(Stored data)

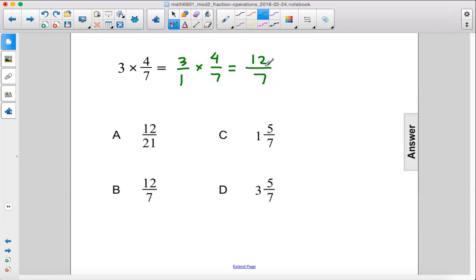7 goes into 12 one time, and there's 5 left over, so 5 over 7.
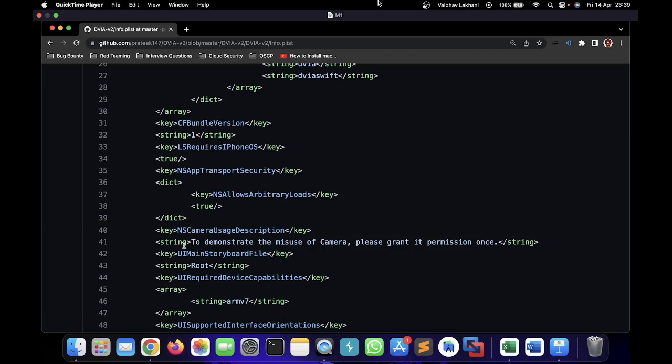This basically means that the application is asking for the device's camera to be used and it appears to be saying that this is going to demonstrate the misuse of camera. So NSCameraUsageDescription might be an improper platform permission that has been set up by the application.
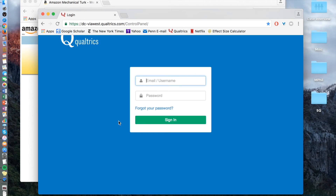An efficient way to compensate participants for their online participation through Qualtrics is to link your Qualtrics survey to Amazon's Mechanical Turk, otherwise known as MTurk. I'm going to go through the basic steps of linking your Qualtrics survey to your MTurk account so that you can recruit participants, otherwise known as workers. I'm basing this off of Brent Purdy's online tutorial, and I'll provide a link for his website afterwards.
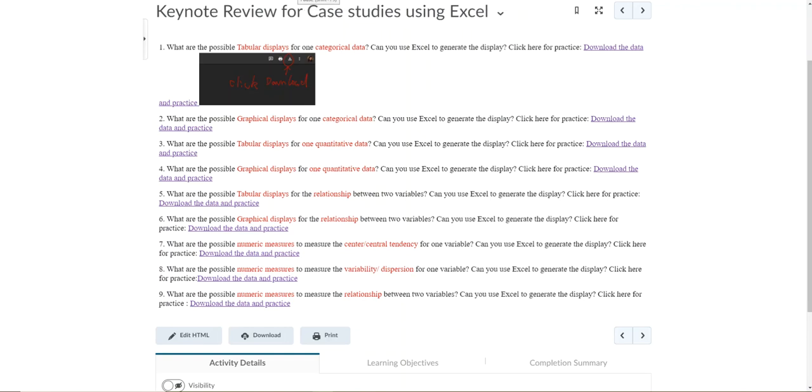In this video, we're going to look at questions seven and eight together because when using Excel, with one step you'll be able to get both questions answered.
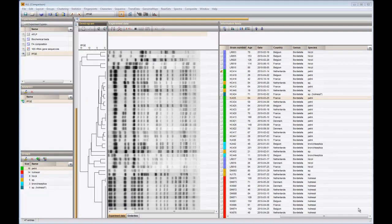In this demo, I will show how we can edit bands on fingerprints directly in the comparison window.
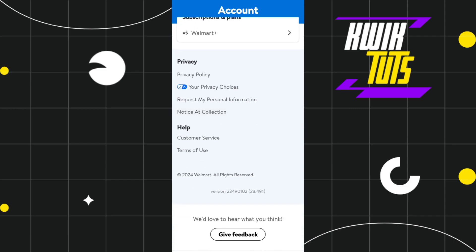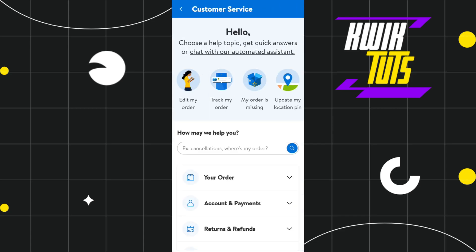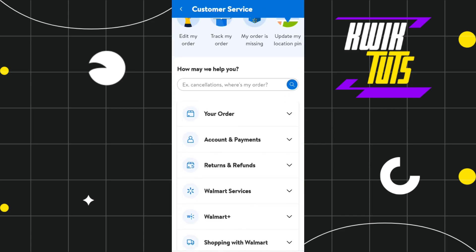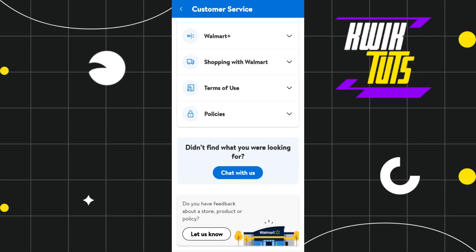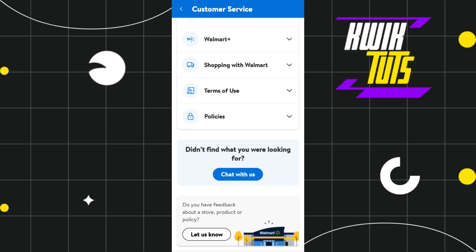So in this situation, what you can do is contact the customer support team of Walmart. In order to do so, you simply need to scroll down and here you are going to see the option of customer service. Simply tap on customer service and you will be redirected to the customer service page.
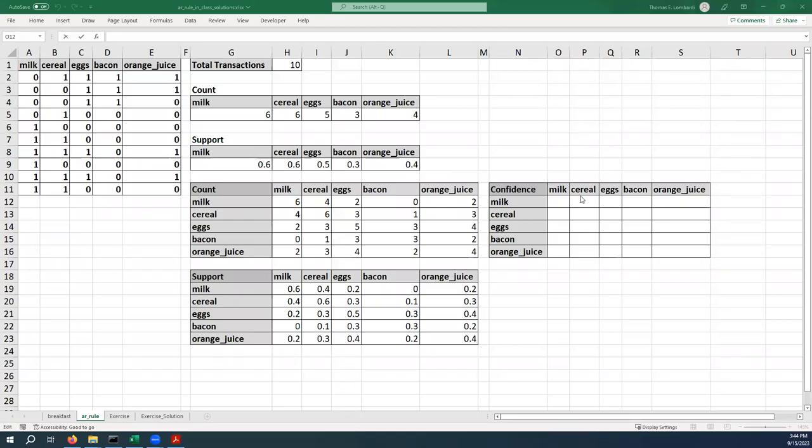We're moving through this problem at a good clip. What we want to do now is take those support figures and calculate confidence based on the support. Just to remind everybody, the confidence is the support of the two items together divided by the support of the antecedent.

-- Work instruction --
Give back the full data exactly as it reads, but drop the pictures.

-- Worked solution --
7 goes into 12 one time, and there's 5 left over, so 5 over 7.
This basically means that the application is asking for the device's camera to be used and it appears to be saying that this is going to demonstrate the misuse of camera. So NSCameraUsageDescription might be an improper platform permission that has been set up by the application.
An efficient way to compensate participants for their online participation through Qualtrics is to link your Qualtrics survey to Amazon's Mechanical Turk, otherwise known as MTurk. I'm going to go through the basic steps of linking your Qualtrics survey to your MTurk account so that you can recruit participants, otherwise known as workers. I'm basing this off of Brent Purdy's online tutorial, and I'll provide a link for his website afterwards.
In this video, we're going to look at questions seven and eight together because when using Excel, with one step you'll be able to get both questions answered.
In this demo, I will show how we can edit bands on fingerprints directly in the comparison window.
So in this situation, what you can do is contact the customer support team of Walmart. In order to do so, you simply need to scroll down and here you are going to see the option of customer service. Simply tap on customer service and you will be redirected to the customer service page.
We're moving through this problem at a good clip. What we want to do now is take those support figures and calculate confidence based on the support. Just to remind everybody, the confidence is the support of the two items together divided by the support of the antecedent.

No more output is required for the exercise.